Metrics for successful completions of stages are stored in metrics named stages.index.stageType.stage.stageName.ok
or stages.query.stageType.stage.stageName.ok
, depending on if the stage is part of an index pipeline or a query pipeline. Here is an example of the mean rates for successful runs of the 'solr-default' index pipeline stage (stages.index.solr-index.stage.solr-default.ok
):
{
"version" : "3.0.0",
"gauges" : { },
"counters" : { },
"histograms" : { },
"meters" : {
"stages.index.solr-index.stage.solr-default.ok" : {
"count" : 110855,
"m15_rate" : 5.270163206842968,
"m1_rate" : 8.485969925086419,
"m5_rate" : 8.06785229981572,
"mean_rate" : 9.18230056255745,
"units" : "events/second"
}
},
"timers" : { }
}
This shows the number of uses of the stage ("count") and the mean rates over 1-, 5- and 15-minute intervals ('m1_rate', and so on.). From the above, we can see that the solr-default stage has been executed 110,855 times, with a mean rate of 9.18 events per second.
If you prefer to see the metrics for the entire stage type, you can omit the stage name entirely, and simply get metrics for the stage type. This takes the form of stages.index.stageType.ok
(for an index pipeline) or stages.query.stageName.ok
(for a query pipeline). Here is an example, using the solr-index stage type:
{
"version" : "3.0.0",
"gauges" : { },
"counters" : { },
"histograms" : { },
"meters" : {
"stages.index.solr-index.ok" : {
"count" : 116425,
"m15_rate" : 6.178851947720613,
"m1_rate" : 8.814380052133192,
"m5_rate" : 8.585203640734829,
"mean_rate" : 9.19499774409566,
"units" : "events/second"
}
},
"timers" : { }
}
In this example, we see that the solr-index stage has been successfully run 116,425 times, with a mean rate of 9.19 events per second.
Web Service Endpoint Metrics
For each web service endpoint, Fusion keeps a timer recording the duration and rate of requests. The duration is calculated using an exponentially-weighted moving average with a heavy bias toward measurements from the last 5 minutes.

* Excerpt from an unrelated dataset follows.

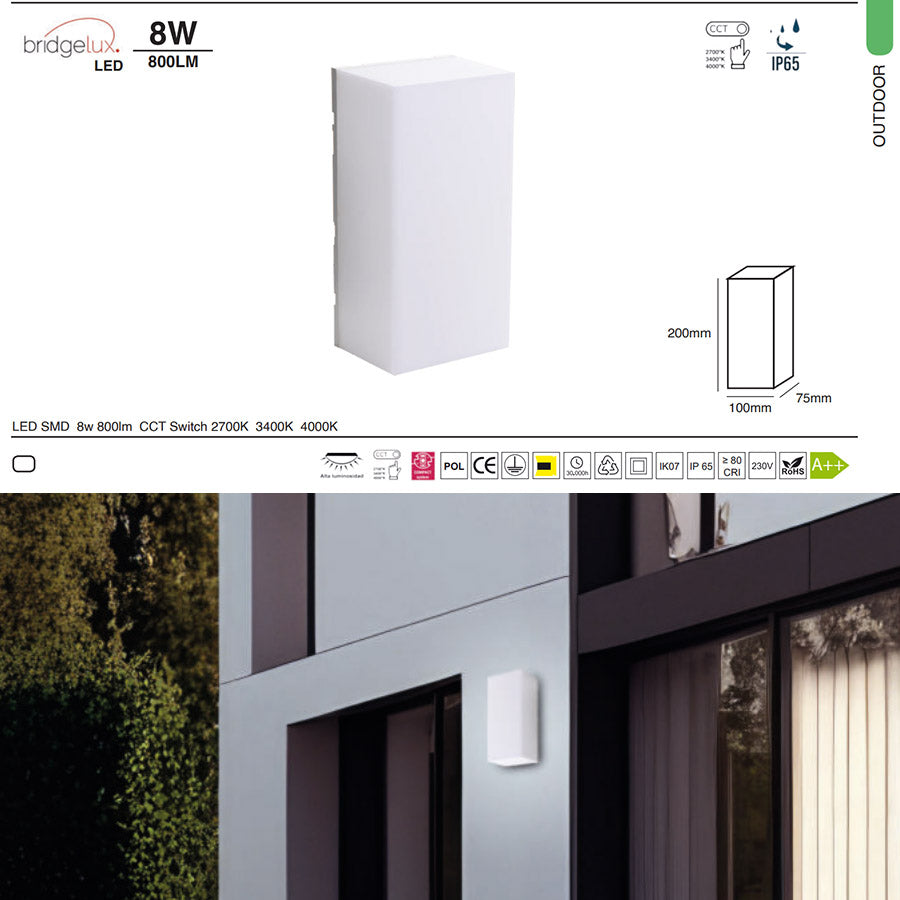 Detalles de aplique exterior CCT rectangular 8W 200x100x75mm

These metrics have names in the form: com.lucidworks.apollo.resources.serviceName.methodName.weighted.timer
, or for a specific example, com.lucidworks.apollo.resources.CollectionResource.getCollectionMetrics.weighted.timer
:
"com.lucidworks.apollo.resources.CollectionResource.getCollectionMetrics.weighted.timer" : {
"count" : 2624,
"max" : 0.134712,
"mean" : 0.031589107976653694,
"min" : 0.022424000000000003,
"p50" : 0.028440000000000003,
"p75" : 0.036908,
"p95" : 0.044644449999999995,
"p98" : 0.05026944,
"p99" : 0.05444051000000004,
"p999" : 0.134693411,
"stddev" : 0.00936497282768644,
"m15_rate" : 0.07113433590025664,
"m1_rate" : 0.06387037028343223,
"m5_rate" : 0.06218407166715861,
"mean_rate" : 0.0663172057583814,
"duration_units" : "seconds",
"rate_units" : "calls/second"
}
Solr Request Metrics
The system keeps track of the performance of requests to each Solr server that it communicates with.
The metrics have names in the form solr.solrIdentifier.requestType
. The solrIdentifier is the address of the Solr instance, and the requestType can be 'get-requests', 'post-requests' or 'put-requests'.
This example shows get-requests to a Solr instance that is found on '10.0.1.8' and port 8983:
{
"version" : "3.0.0",
"gauges" : { },
"counters" : { },
"histograms" : { },
"meters" : { },
"timers" : {
"solr.10.0.1.8-8983.get-requests" : {
"count" : 3170,
"max" : 0.873981,
"mean" : 0.2451200904669261,
"min" : 0.001678,
"p50" : 0.318176,
"p75" : 0.48169550000000005,
"p95" : 0.53017705,
"p98" : 0.5617982399999999,
"p99" : 0.6281221800000003,
"p999" : 0.8710894970000004,
"stddev" : 0.2448979377578966,
"m15_rate" : 0.02059326561557774,
"m1_rate" : 0.03249432457272969,
"m5_rate" : 0.030788223074952624,
"mean_rate" : 0.033875616252208286,
"duration_units" : "seconds",
"rate_units" : "calls/second"
}
}
}
From this we can see that there have been 3,170 GET requests to that Solr instance, and the mean response rate is .03 requests per second.